The best case scenario for multitasking is something you can easily use a divide and conquer strategy. For example, video encoding is great because you can pass off sets of frames to each thread. Often though if you can't do that, you can use threads for multiple jobs. That way you don't have to wait for one process to finish before starting another. There can be little annoyances you have to watch out for when employing this, especially if you're doing some asynchronous IO.

ghellquist · Dec 7, 2011

It will not happen by itself. You need to get some help from the compiler. And the compiler will need some help from you.

I believe openmp is one direction to look. I believe it is supported in the mac compilers.
http://openmp.org/wp/

A very different option is to use the graphics processor, after all they are made for handling pixels.

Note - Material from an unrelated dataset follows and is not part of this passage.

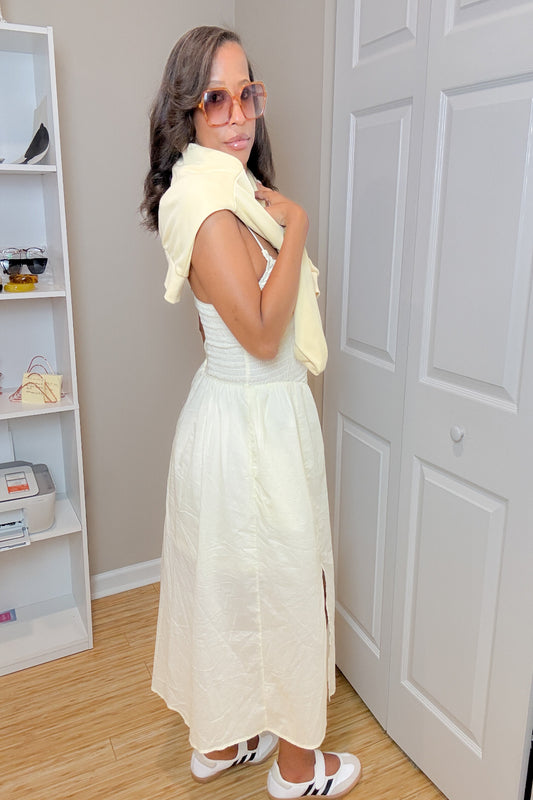 SO ME Smocked Sleeveless Casual Everyday Dress With Slit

Cuda is the place to start, I believe.
http://en.wikipedia.org/wiki/CUDA

// Gunnar

gnasher729 · Dec 7, 2011

There are many ways to make your code run a lot faster.

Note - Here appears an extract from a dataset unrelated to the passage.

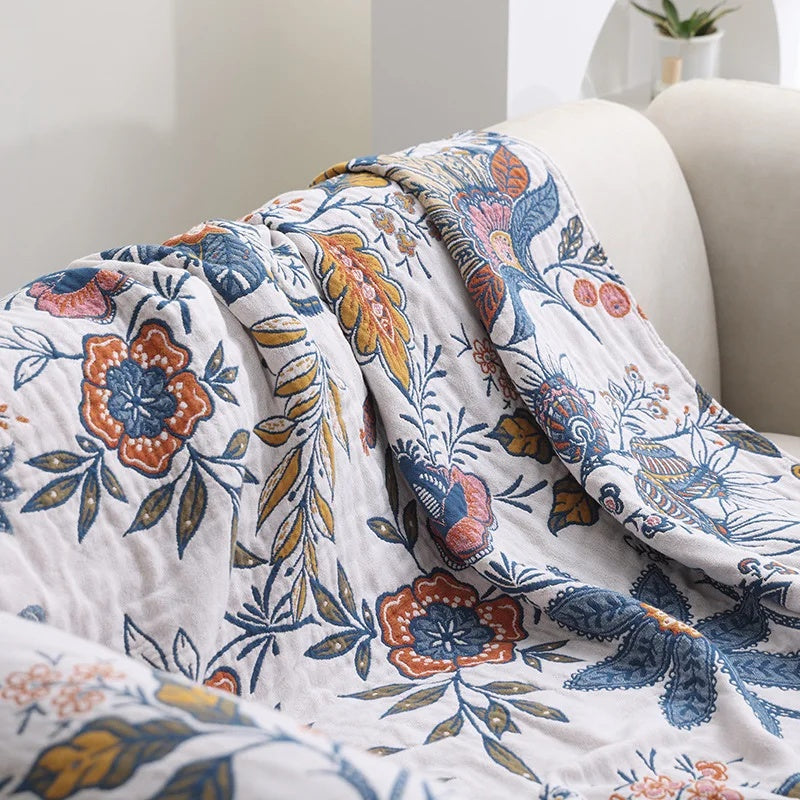 Bedroom Blanket Floral Bed Throw | Large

1. Array access should be in sequential order in memory. If at all possible, rearrange the data in lookuptable and tiltmap so that you access lookuptable [row][col] and tiltmap [col*CUBEWIDTH + row].

2. Simplify the calculations. For example let's change this one bit by bit:

Code:

crudeXcntr = (int)lroundf(Xref + (LAMBDA_REF - lambda)/vertscale*tilt);
if(crudeXcntr > BORDER && crudeXcntr < FOCPLWIDTH - BORDER - 1 ...)

lroundf is a rather expensive function, so we change this to

Code:

float crudeXcntr = Xref + (LAMBDA_REF - lambda)/vertscale*tilt;
if(crudeXcntr > BORDER + 0.5 && crudeXcntr < FOCPLWIDTH - BORDER - 1.5 ...)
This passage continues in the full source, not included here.